Opinion ID: 2584774
Heading Depth: 3
Heading Rank: 1

Heading: Developmental Disability and Competence

Text: Defendant contends the trial court violated his state and federal constitutional rights to due process when it did not on its own initiative suspend the criminal proceedings because there was sufficient evidence to raise a doubt as to whether defendant was developmentally disabled. We disagree. (13) Section 1367, subdivision (a) prohibits trying a person who is mentally incompetent. Mental incompetency exists if, as a result of mental disorder or developmental disability, the defendant is unable to understand the nature of the criminal proceedings or to assist counsel in the conduct of a defense in a rational manner. ( Ibid. ) If the trial court has a doubt as to the mental competency of the accused, it must suspend proceedings until the issue of mental competency has been determined. At the penalty phase, defense Psychologist Nancy Kaser Boyd testified that defendant was mentally deficient, that the deficiency arose before defendant was 18 years of age, and that the deficiency constituted a substantial disability.
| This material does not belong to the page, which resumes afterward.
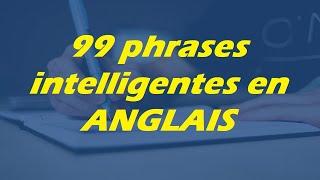 99 phrases intelligentes en ANGLAIS - Our World Learn Together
This testimony, defendant asserts, provided evidence of his developmental disability, triggering the trial court's duty to declare a doubt as to defendant's mental competency and to suspend the criminal proceedings. (14) A trial court's duty to suspend criminal proceedings, however, arises only when there is a doubt as to defendant's competency to stand trial (§ 1368, subd. (a)), not when there is merely a doubt as to the existence of a mental disorder or developmental disability that does not implicate a defendant's competency to stand trial. (See People v. Lewis and Oliver (2006) 39 Cal.4th 970, 1047 [47 Cal.Rptr.3d 467, 140 P.3d 775].) The trial court's obligation arises when there is a doubt as to the mental competence of the defendant.... (§ 1368, subd. (a).) Here, defendant concedes that the evidence did not raise a doubt on the issue of mental competence.